Output every line below exactly, please, omitting pictures.

Available data —
★ ★ ★
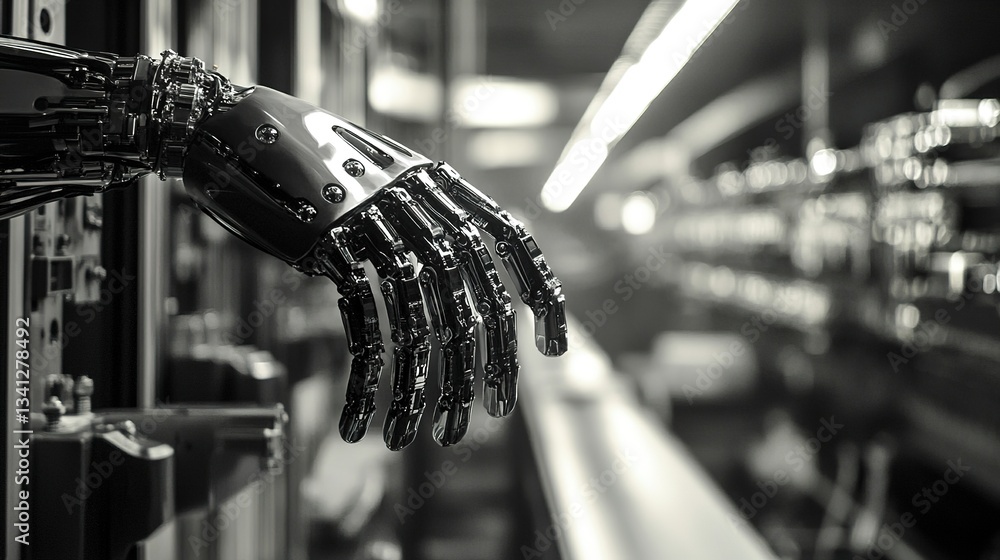 Aufkleber a cybernetic production facility integrating bionic limbs into automation.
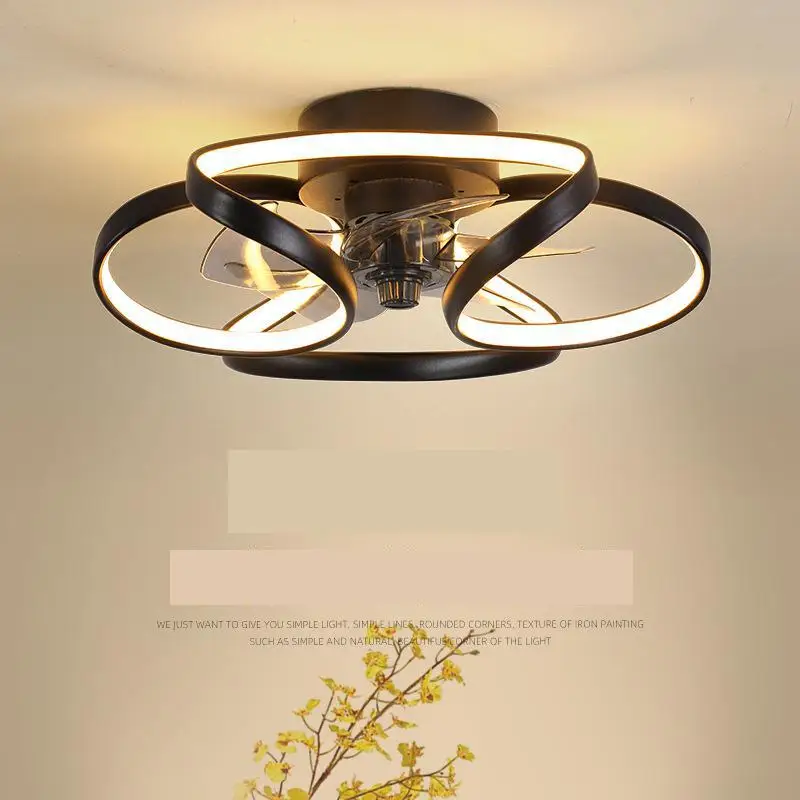 Intelligent Silent Modern Ceiling Fan with Lights and Remote 6-speed, Embedded Kitchen, Bedroom, and Living Room Home Fans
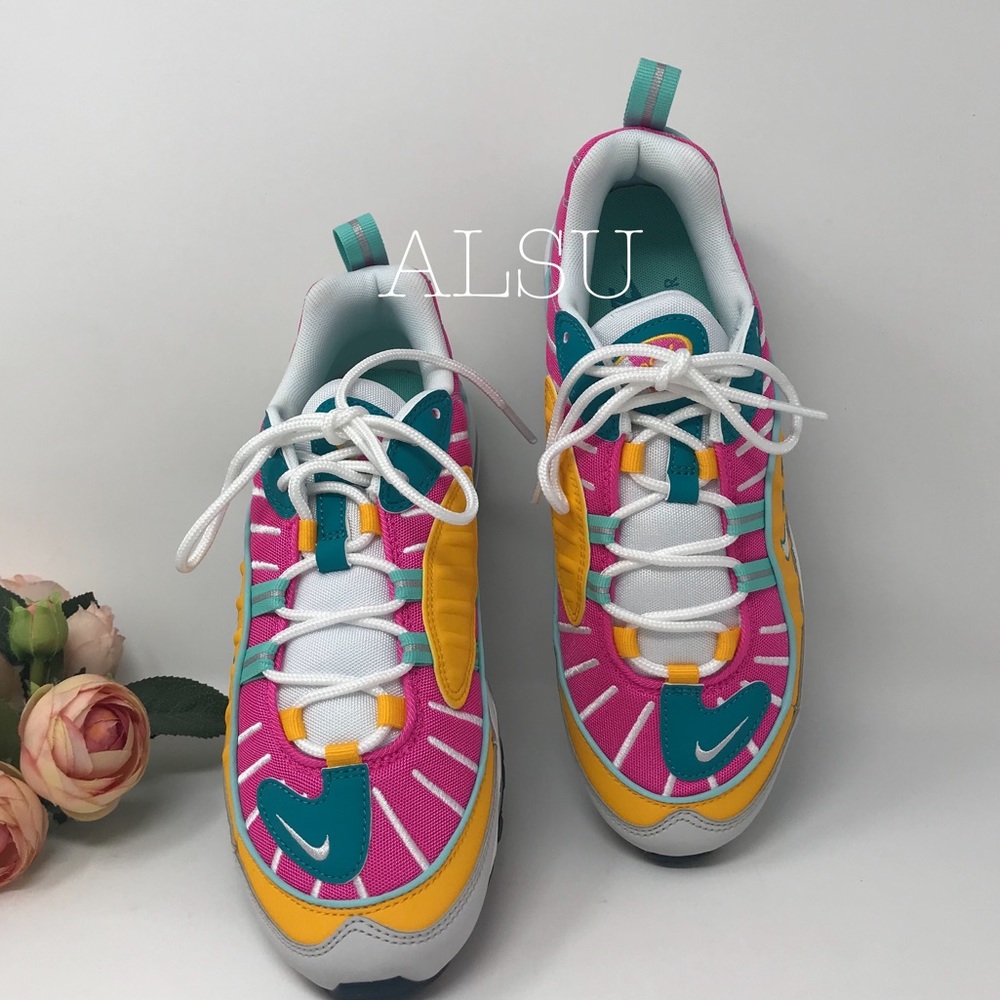 Nike Air Max 98 Spirit Teal Pink Yellow Green W - Picture 3 of 8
★ ★ ★
Your solution —
 Aufkleber a cybernetic production facility integrating bionic limbs into automation.
 Intelligent Silent Modern Ceiling Fan with Lights and Remote 6-speed, Embedded Kitchen, Bedroom, and Living Room Home Fans
 Nike Air Max 98 Spirit Teal Pink Yellow Green W - Picture 3 of 8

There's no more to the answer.